言葉を選ぶその姿勢に誠実さが滲み、相手の想いを受け止めながら丁寧にお話になる、穏やかな新郎様。
ご自身のことよりも先に周りへ目を向けられる優しさと、やわらかな物腰の奥に揺るがない芯をあわせ持つ新婦様。
広島から鎌倉へ。
この日のために足を運んでくださったお二人の結婚の日。
1日目。
朝。
到着されたお二人は、ゲストをお迎えするためにギフトやテーブルセットの準備を始められました。
一日の流れを丁寧に確認しながら、細やかに手を動かされるお姿に、お二人の真面目で誠実なお人柄がにじみます。

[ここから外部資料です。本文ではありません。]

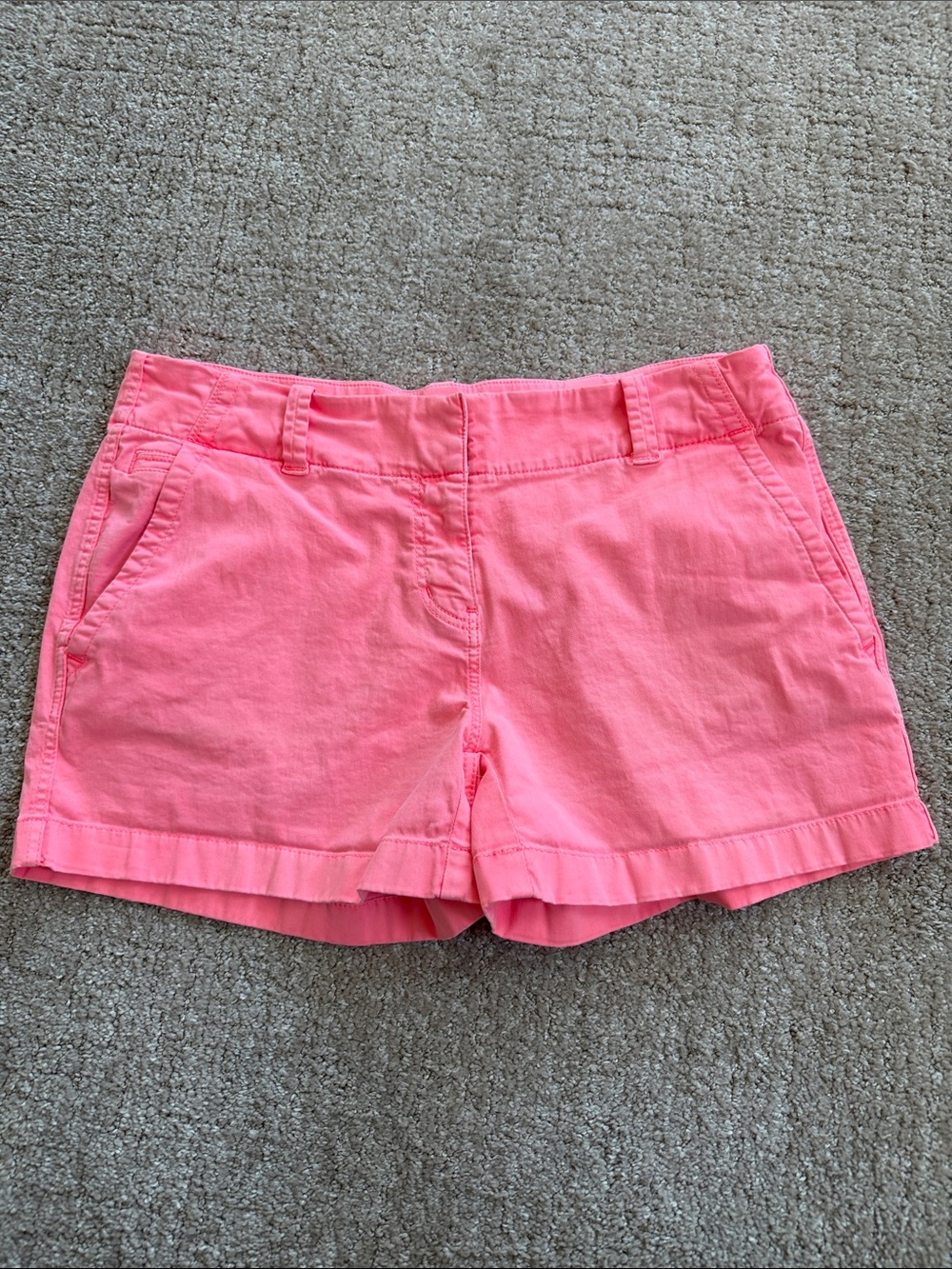 Vineyard Vines Pink Shorts size 4
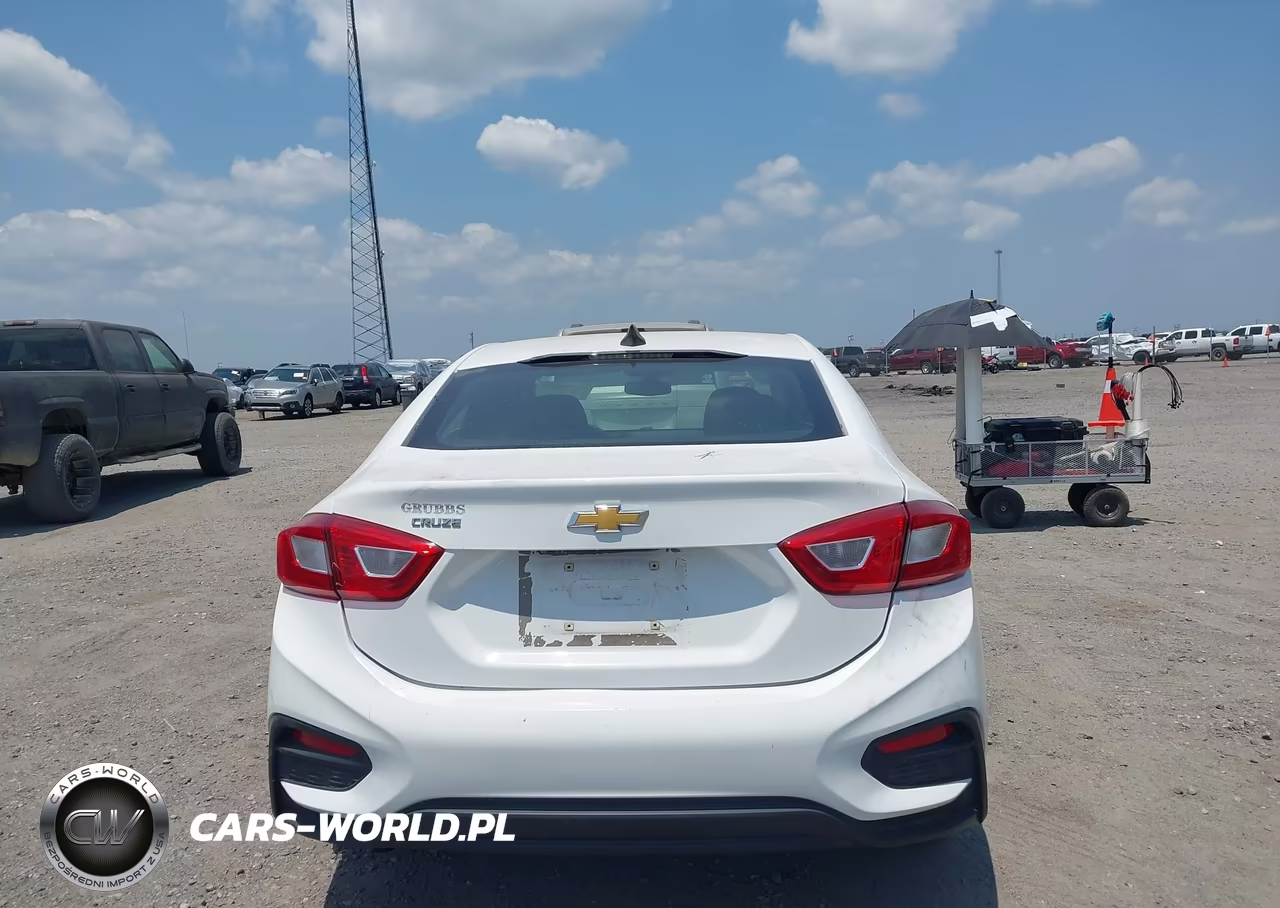 CHEVROLET CRUZE VIN:1G1BC5SM0J7137213 - 16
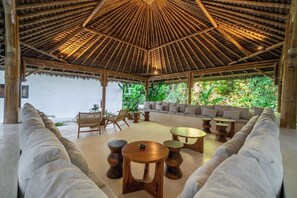 Outdoor dining - Cozy 2BR Flat in Ubud's Centre w Pool & Kitchen (Ubud)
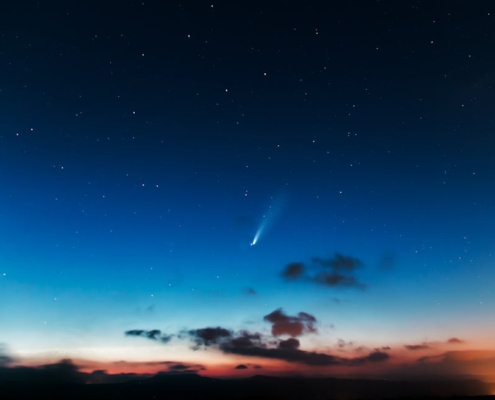 Une comète rare va briller dans le ciel : voici comment l'observer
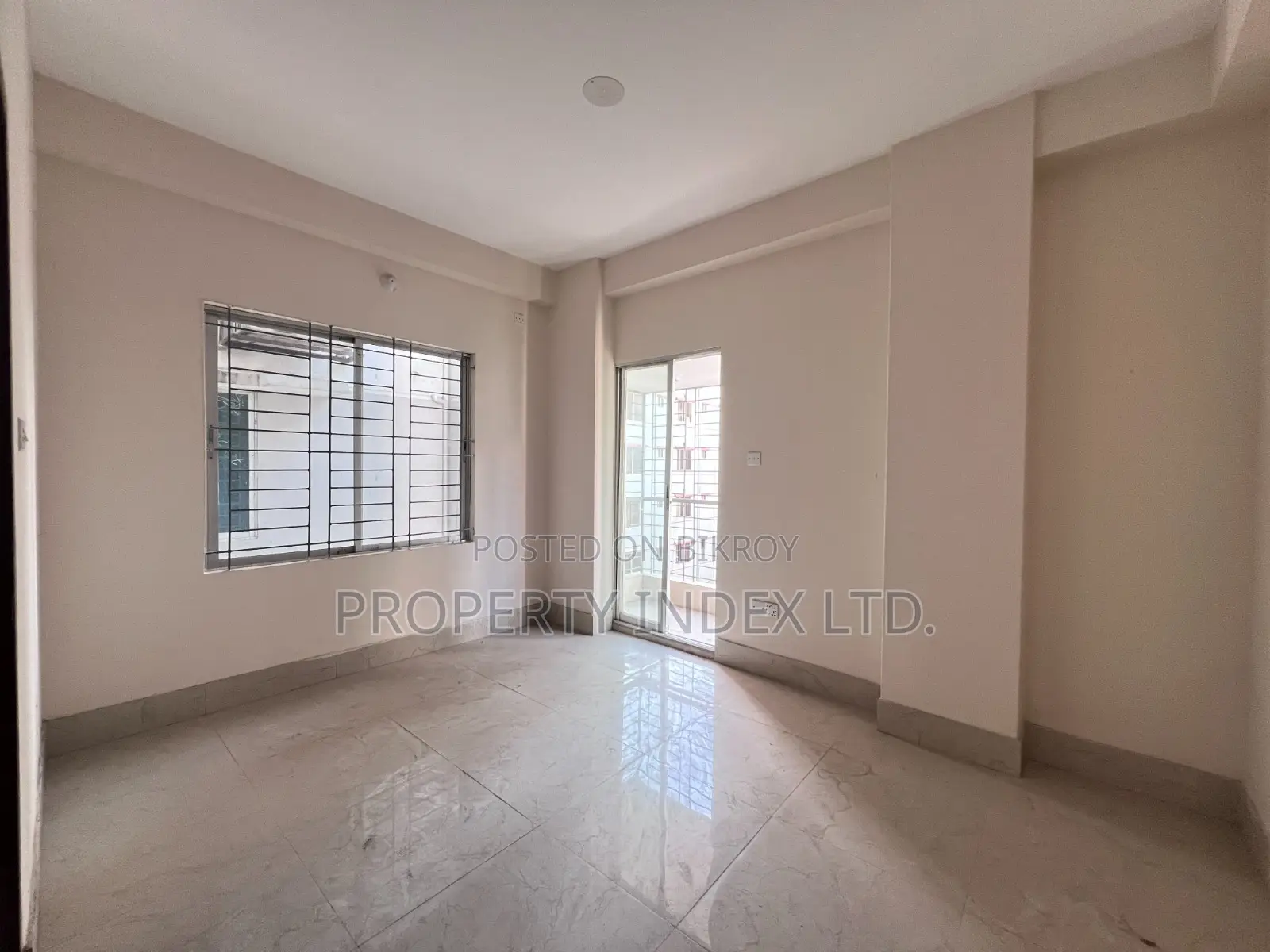 Ready Apartment For Sale! 1700 Sqft Flat At Bashundhara J Block in Basundhara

そのひとつひとつの所作から、ゲストの皆様をたいせつに想われていることが伝わってきました。
しばらくすると、新婦様はお支度へ。
自然光が降り注ぐ板の間で白無垢に身を包みます。
新郎様も紋付をお召しになり、凛とした佇まいの中にも、いつもの穏やかな空気が流れていました。
写真撮影は、ご両家のご家族も駆けつけ、ご一緒に。
賑やかな時間を迎える前のご家族だけの静かであたたかなひとときをお過ごしになりました。

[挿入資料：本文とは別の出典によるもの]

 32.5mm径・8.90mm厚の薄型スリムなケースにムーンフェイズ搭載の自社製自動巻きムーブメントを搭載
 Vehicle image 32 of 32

そしてゲストを迎える受付では、結婚証明書として、ゲスト一人ひとりにお花を選んでいただき、ボードへ貼っていただく演出を。
どのお花にしようかと悩む姿。
「これが似合うね」と声を掛け合う様子。
少しずつ完成していく一枚の証明書は、お二人だけのものではなく、ここに集まった皆様の想いが重なった証でした。
そして迎えたお庭での挙式。
親御様に最後のお支度を整えていただくご入場では、新郎様は扇子や襟元、ご新婦様のブーケのお渡し、そしてバージンロード をお歩きになるエスコートを両家親御様にお願いされました。
「おめでとう。」
ゲストのこの言葉が直接届く距離感で、とても和やかに結びました。
ご披露宴ではお二人もゲストと同じテーブルへ。ほとんどの時間をテーブルを回りながら過ごされていたお二人。その姿が、この日の在り方を物語っていました。

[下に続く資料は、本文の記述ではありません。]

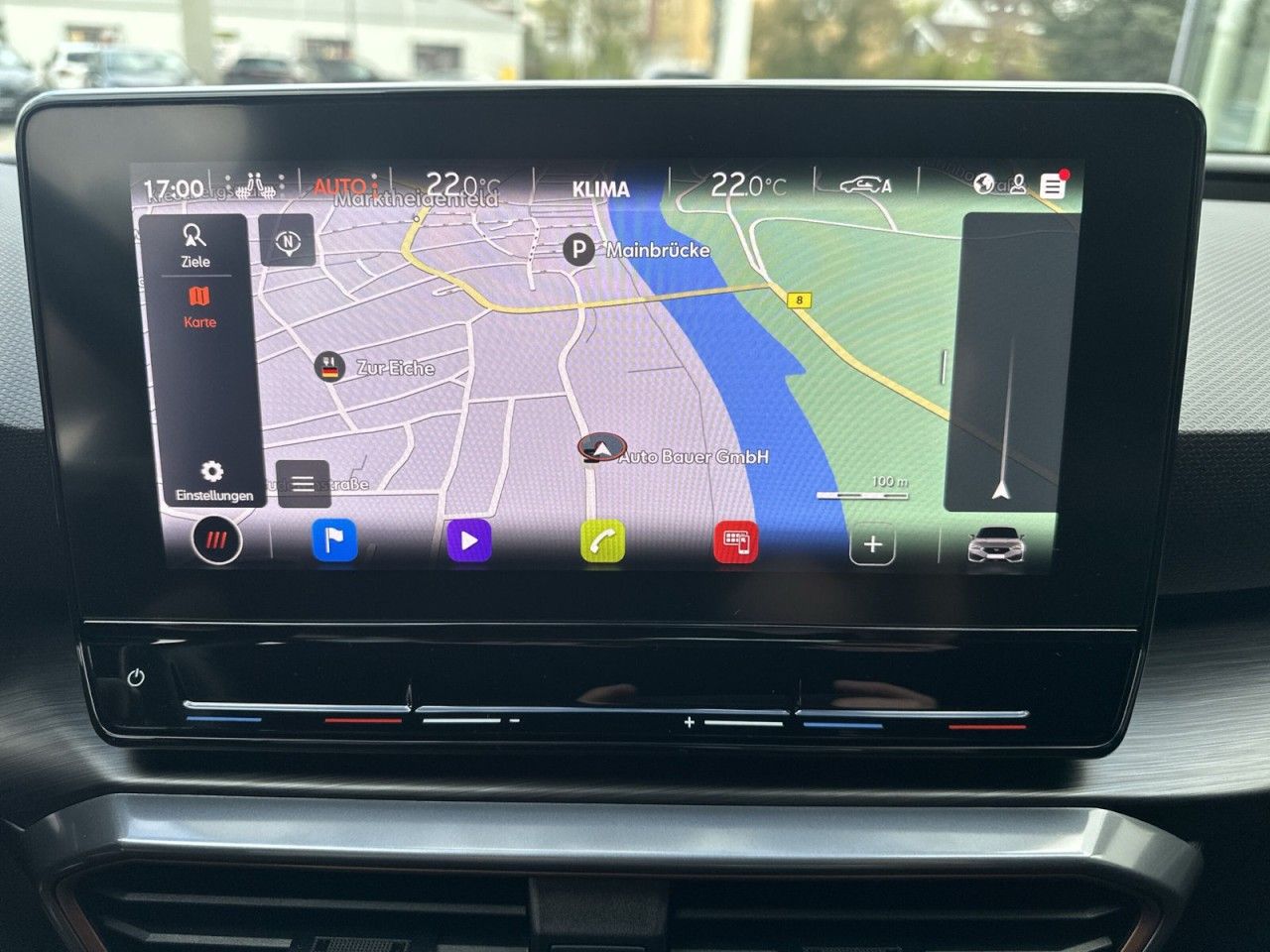 Fahrzeugabbildung CUPRA Leon 2.0 TSI 180 kW (245 PS) 7-Gang-DSG - mit KI generiert/bearbeitet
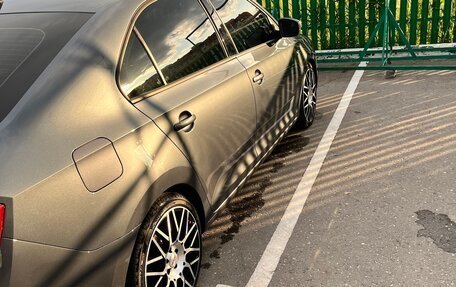 Skoda Rapid I, 2014 год, 1 050 000 рублей, 4 фотография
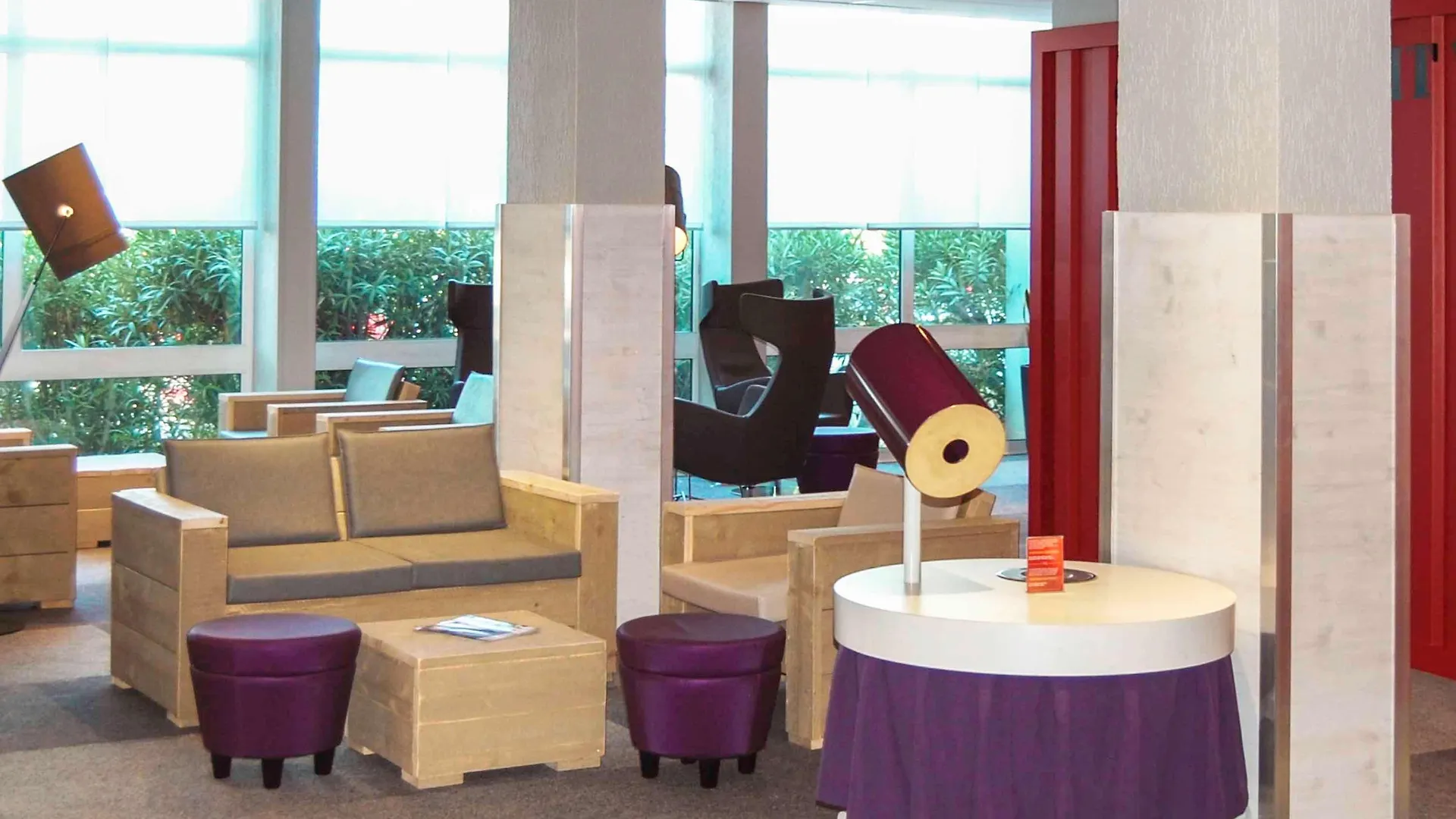 Hotel Ibis Styles Marseille Aeroport Vitrolles   Vitrolles (Bouches-du-Rhone)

お食事も進んできた頃には、蒸籠に入った鯛へピーナッツオイルを注ぐセレモニー。立ち上る湯気に歓声があがり、会場の空気が一気にほどけます。
お二人がたくさん悩んでご準備してくださった引き出物マルシェ。くじ引きで当たったグループごとにご案内をされ、ゲストの皆様もお二人がつくられたギフトのチラシをご覧になりながら、ご自身の番を今か今かと待ち侘びます。
細やかな気遣いと、皆様に楽しんでほしいという想いが詰まったお二人からゲストへの、まさにプレゼントのようなお時間でした。
結びには親御様へお手紙と花束を。静かな時間の中で交わされた言葉は、これまでの人生と、これからの歩みを優しくつなぐものでした。
ゲストを見送ったあとは、お二人で海へ。夕焼けに染まる材木座海岸。一日の余韻を抱えながら並んで歩く姿は、どこか肩の力が抜けていて、夫婦としてのはじまりを感じさせてくれました。
そして夜にはご両家の親御様とのお時間を。
お風呂の順番を話し合われる姿や、スーパーへ買い出しから帰ってこられるご家族の姿。家族としてこのお家で過ごすご両家の様子にとても心があたたまるひとときでした。
「いつか親に食べてもらいたいんです。」
そう話してくださっていた豚汁。
ご実家をはなれてから自炊を重ね、上手に作れるようになったとお二人が教えてくださった一品。親御様にとって最高のご馳走になったのではないかと思います。
家族が眠りについた後は、夫婦ふたりでの晩酌の時間。
にぎやかなハレの時間から、静かな夜へ。
特別な一日がそのまま日常へと続いていく時の流れに、このMAYAというお家の不思議な力を感じさせてくれました。
2日目。
目覚ましのない穏やかな朝を迎え、お風呂にゆったりと浸かりながら過ごす昼下がり。
せわしない日々を少しだけ忘れるような、ひと息つける日常を過ごされ、この結婚の日の余韻を感じてくださっていました。
穏やかで誠実な新郎様と、周りを想うあたたかな新婦様。
そんなお二人だからこそ、祝う時間も、家族で囲む食卓も、どこまでもやさしく、自然体で在ることができたのではないかと思います。
お二人の在り方から生まれた、あたたかな結婚の日でした。